Gene Therapy
A treatment approach that modifies, replaces, or introduces genetic material into a patient's cells to address disease at its molecular source. Often used for inherited disorders and cancers, these therapies face complex manufacturing, regulatory, and reimbursement challenges given their high cost.
What is gene therapy?
Gene therapy is a treatment strategy that addresses disease by altering the genetic instructions inside a patient's cells, whether by adding a working copy of a gene, silencing a faulty one, or otherwise correcting genetic material. The goal is to treat the underlying molecular cause of a condition rather than only its symptoms.

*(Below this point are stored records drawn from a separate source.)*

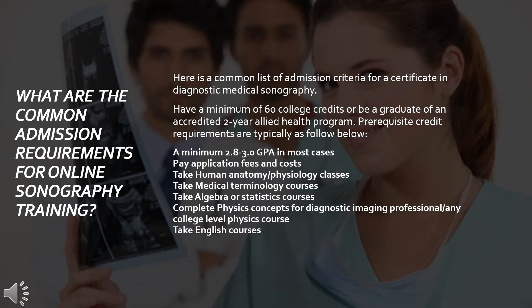What are the common admission requirements for online sonography training? Here is a common list of admission criteria for a certificate in diagnostic medical sonography: have a minimum of 60 college credits, or be a graduate of an accredited 2-year allied health program.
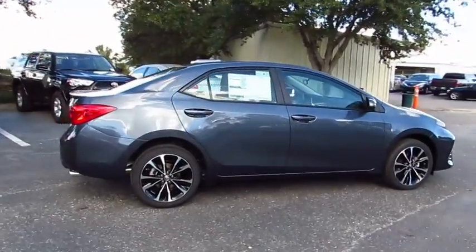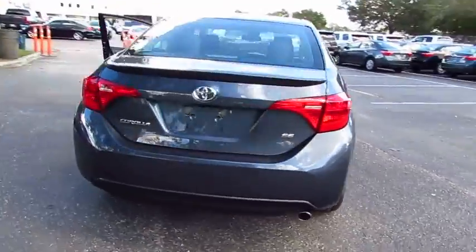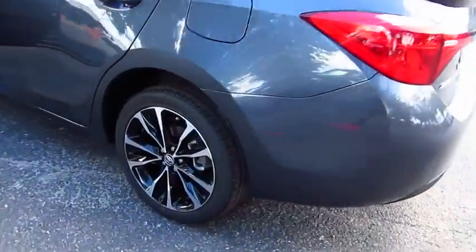The 2018 Corolla. The Corolla is still a great option for those who want dependability, comfort, and value. Here are some of this vehicle's great options.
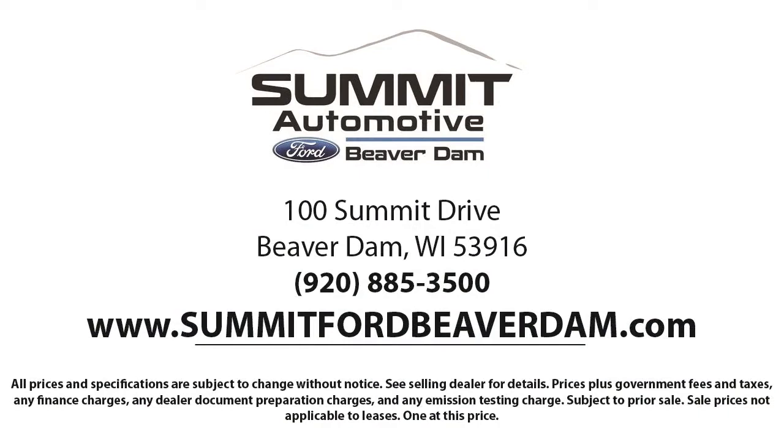We offer a variety of financing services so you can get the vehicle you want without a hassle. We also offer full auto service and car repair, so you get the best care for your purchase.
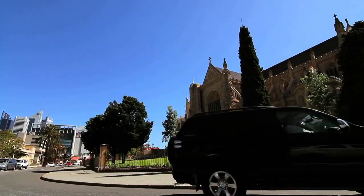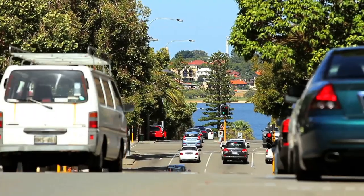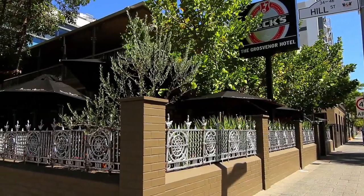Centrally located in the heart of East Perth, making this the perfect place for inner city workers or for dinner at one of the top class restaurants, or a fun walk through the lush green parks.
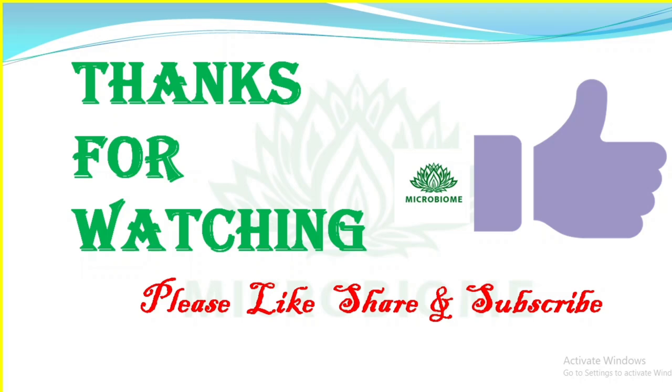If you have any doubt, please ask in the comment section. Previous video links have been given in the description, so please go through them. Practice Test 2 will be discussed in the upcoming class. Please subscribe to our channel. Thank you.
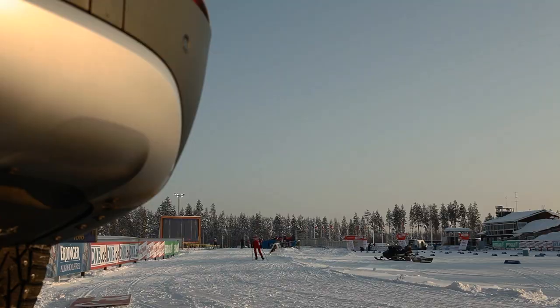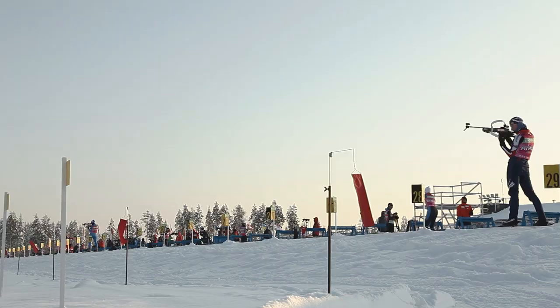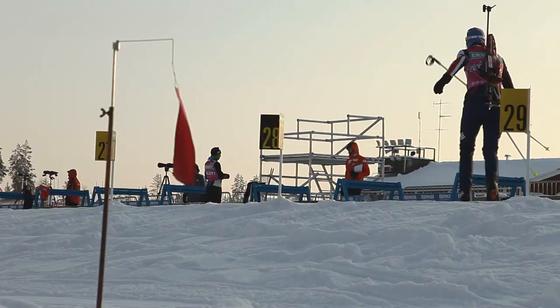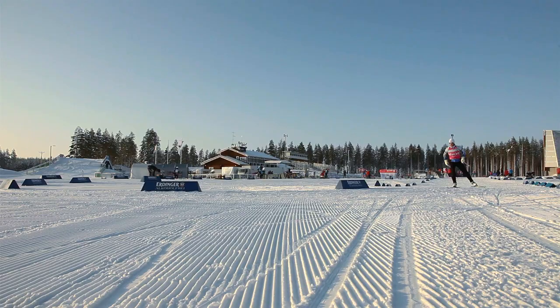For the competition side, we have a little bit different way to come to the finish — not the horseshoe anymore. We used to have that for 20 years, but now competitors come straight to the finish.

These therapies are frequently developed for inherited single-gene disorders and certain cancers, and they often deliver genetic material using engineered viral vectors or other carriers. Many are designed as one-time or infrequent treatments rather than ongoing therapy.
Why is gene therapy significant in healthcare?
Gene therapy can offer durable or potentially curative benefit for diseases that previously had few options, which makes it scientifically and clinically transformative. At the same time, its complex manufacturing, specialized handling, and stringent regulatory oversight set it apart from conventional drugs.
The high one-time cost of many gene therapies creates difficult reimbursement and coverage questions for payers and health systems, sometimes prompting outcomes-based or installment payment arrangements. These financial and access challenges are central to how the therapies reach patients.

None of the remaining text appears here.